:: What this task involves ::
Set each line of the material below down word for word, from the first through the line that holds "TROPICAL ISLANDS トロピカルアイランド", but not the pictures.
━━━ Task input ━━━
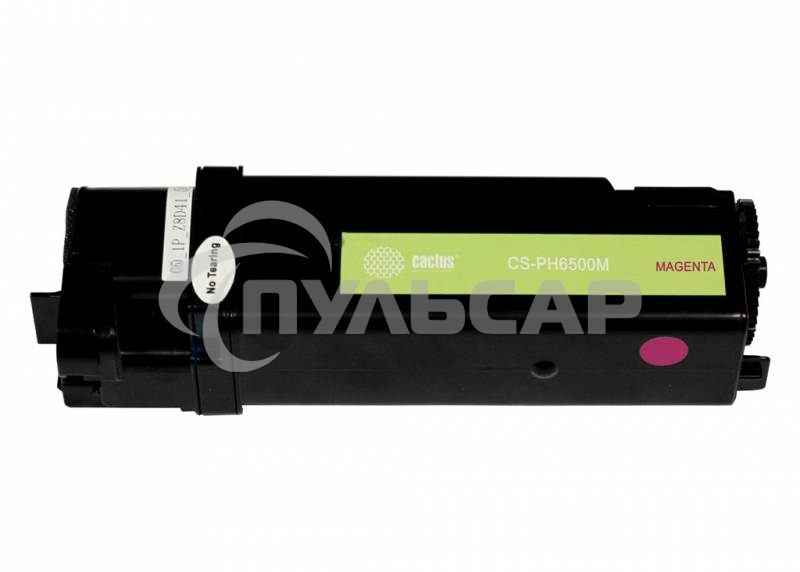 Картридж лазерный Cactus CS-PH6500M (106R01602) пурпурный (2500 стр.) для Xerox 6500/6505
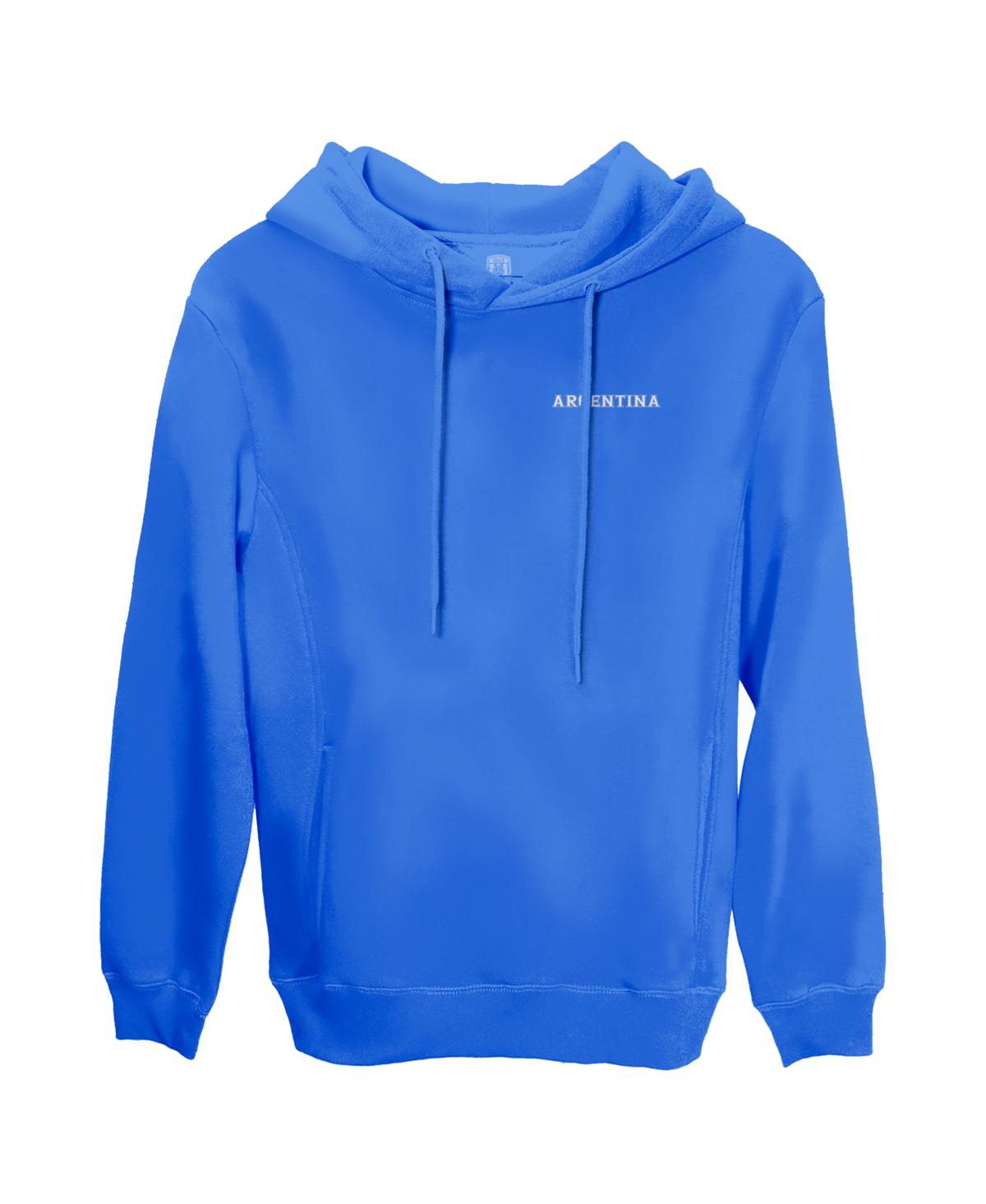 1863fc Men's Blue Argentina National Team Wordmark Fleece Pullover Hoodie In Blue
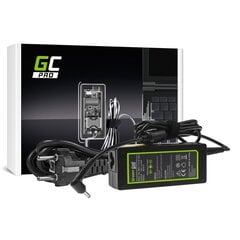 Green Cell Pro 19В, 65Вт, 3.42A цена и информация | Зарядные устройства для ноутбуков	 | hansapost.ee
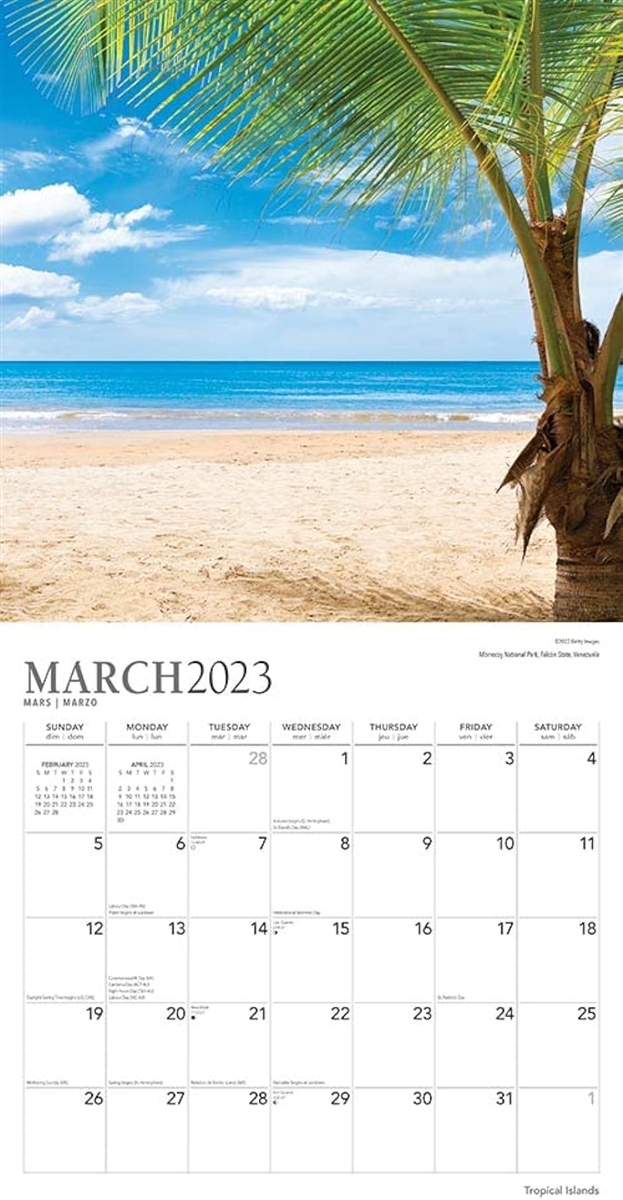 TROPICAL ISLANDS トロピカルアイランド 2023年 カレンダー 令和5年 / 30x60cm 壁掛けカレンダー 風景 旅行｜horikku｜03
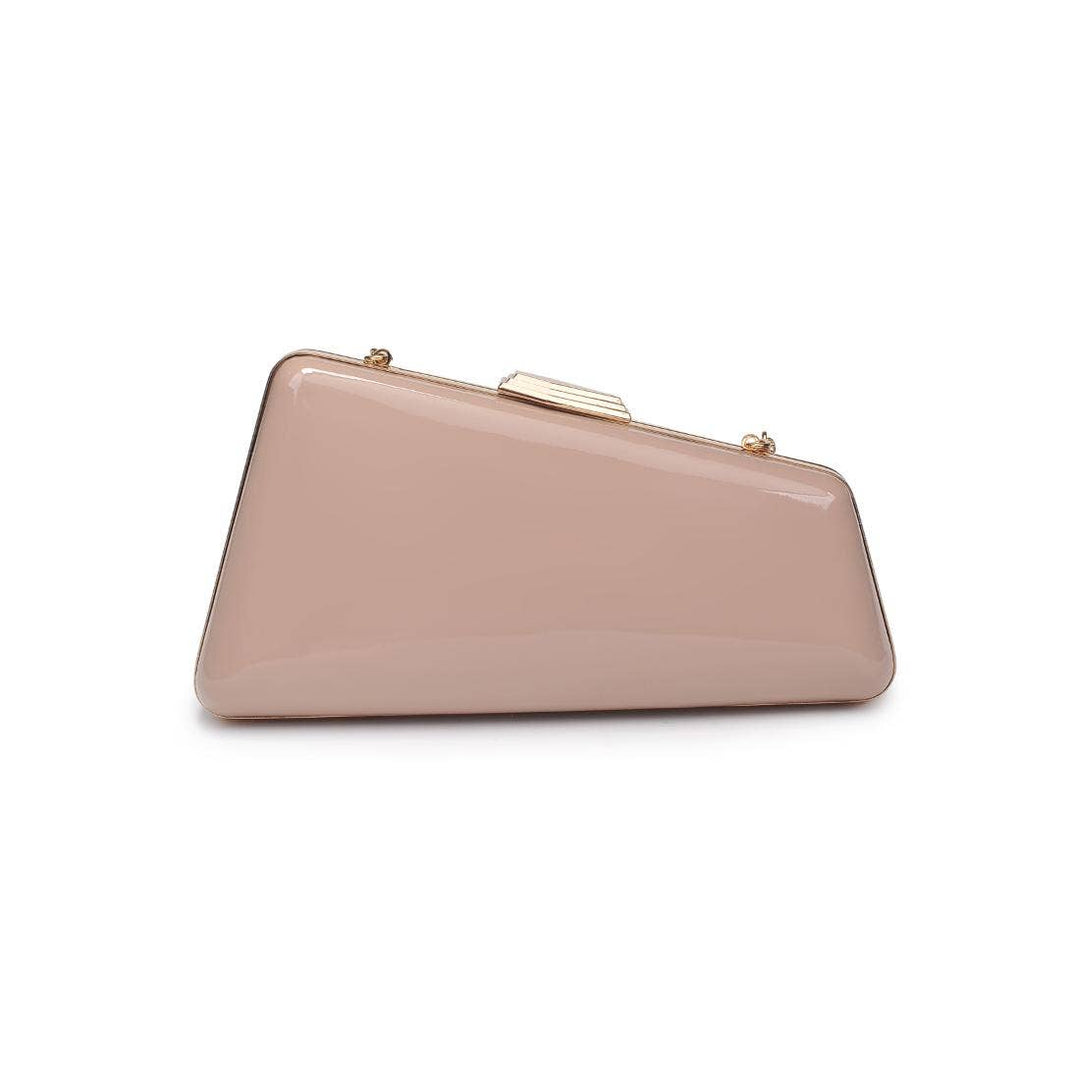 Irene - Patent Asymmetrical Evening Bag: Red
━━━
:: Task answer ::
 Картридж лазерный Cactus CS-PH6500M (106R01602) пурпурный (2500 стр.) для Xerox 6500/6505
 1863fc Men's Blue Argentina National Team Wordmark Fleece Pullover Hoodie In Blue
 Green Cell Pro 19В, 65Вт, 3.42A цена и информация | Зарядные устройства для ноутбуков	 | hansapost.ee
 TROPICAL ISLANDS トロピカルアイランド 2023年 カレンダー 令和5年 / 30x60cm 壁掛けカレンダー 風景 旅行｜horikku｜03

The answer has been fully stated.